The outbreak of war had an immediate impact on the Pennsylvania Railroad. William Jackson Palmer’s high-level errand-running for J. Edgar Thomson suddenly became much more dangerous. Maryland’s status as a border state was tenuous at best, and Southern sympathies ran high there. When normal communications and train traffic through the state were disrupted, Thomson feared that Washington, DC, would become totally isolated from the North.
“The suspension of intercourse between this place [Philadelphia] and Washington,” Thomson wrote Lincoln’s secretary of war, Simon Cameron, “has caused an intense feeling here in relation to the safety of the capital, and there is great eagerness to rush to its assistance.”1
Thomson offered the full services of his railroad to the federal government, but orders for troop displacements were painfully slow in coming. Noting the lack of troops moving south from Philadelphia despite his arrangements for transporting five regiments per day, Thomson grew caustic. “We infer from this,” he scolded Cameron, “that you must feel entirely safe at Annapolis and at Washington.”2
Meanwhile, Cameron was busy raiding Thomson’s corporate pocket for talent. Because telegraph lines were down, Palmer hand-carried a dispatch from Cameron to Thomas A. Scott, the Pennsylvania Railroad’s vice president. Cameron wanted Scott’s managerial skills in the War Department, and within days, Scott was assistant secretary of war for transportation. He soon became the Union army’s railroad czar.
“This morning we open three daily passenger lines to and from Baltimore,” Scott wrote Palmer shortly thereafter, “also one daily freight train—from all of which you will perceive that the U.S. Military Routes are progressing towards the P.R.R. [Pennsylvania Railroad] standard.”3
As the railroads struggled with their new roles, the nation as a whole—both blue and gray—found that there would be no quick end to the war. Cries of “On to Richmond!” aside, General Irvin McDowell’s neophyte Union army smacked into the stone wall of Jackson and his compatriots at a creek called Bull Run and was sent fleeing back to Washington. Realization sunk in that this would not be a short family quarrel but rather the testing piece of a generation.
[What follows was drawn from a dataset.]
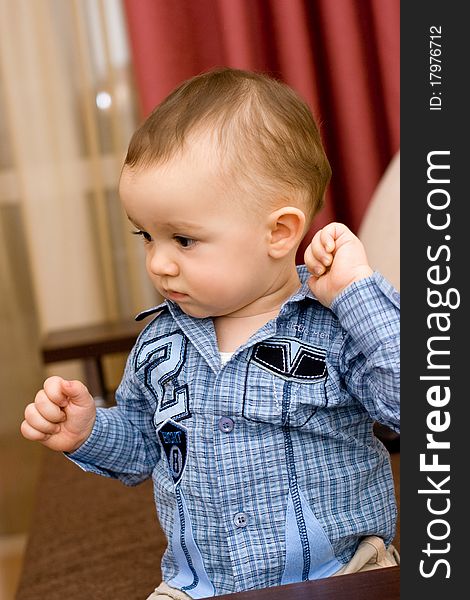 Cute caucasian baby in blue shirt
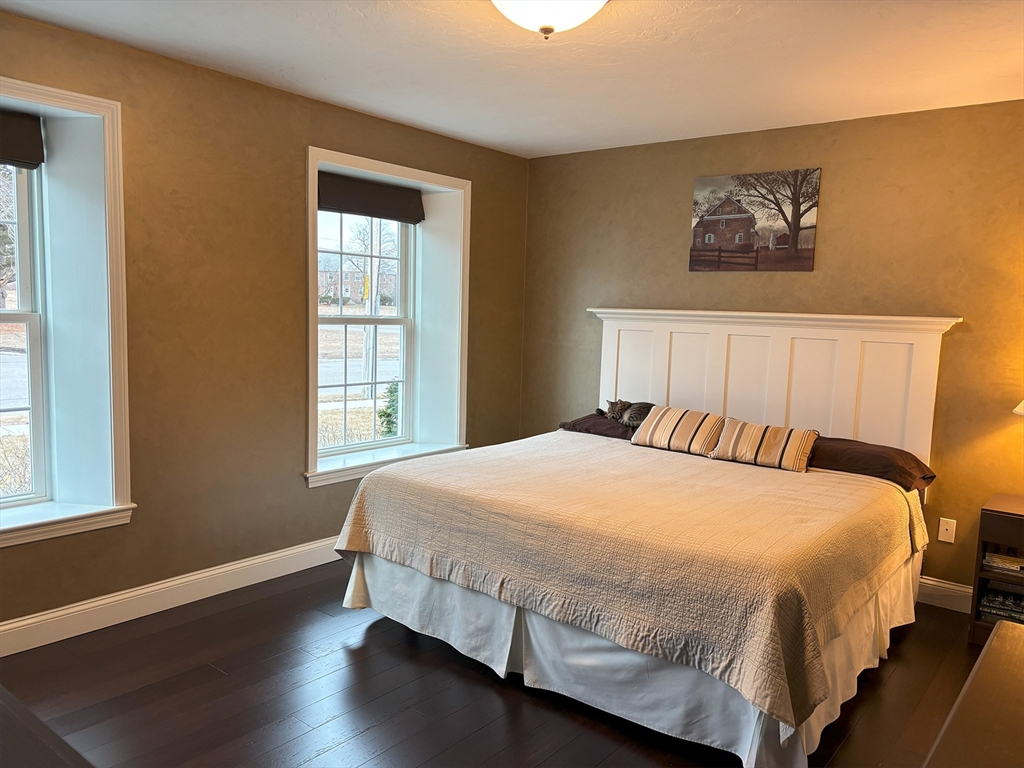 14 Cavite Street Devens, MA 01434 - Photo 20 of 40 a bedroom with a bed and wooden floor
William Jackson Palmer reluctantly put aside his Quaker upbringing and recruited a special troop of cavalry from among the gentlemen class of Pennsylvania. And who better to identify with than that hero of Fort Sumter, Major Anderson? Thus was born the Anderson Troop. Palmer wrote to his circle of friends throughout Pennsylvania and to business associates of J. Edgar Thomson, urging them to nominate suitable young men for the outfit. While he originally disclaimed interest in the position, Palmer, to no one’s surprise, was elected captain of the troop.4
Their first battle came soon enough. Early in 1862, Ulysses S. Grant began a concerted drive south up the Tennessee River. Fort Henry fell to him, and the capture of Fort Donelson on the Cumberland River earned him the sobriquet “Unconditional Surrender.” With the lower Cumberland in Union hands, Palmer and the Anderson Troop went with General Don Carlos Buell’s headquarters staff to Nashville.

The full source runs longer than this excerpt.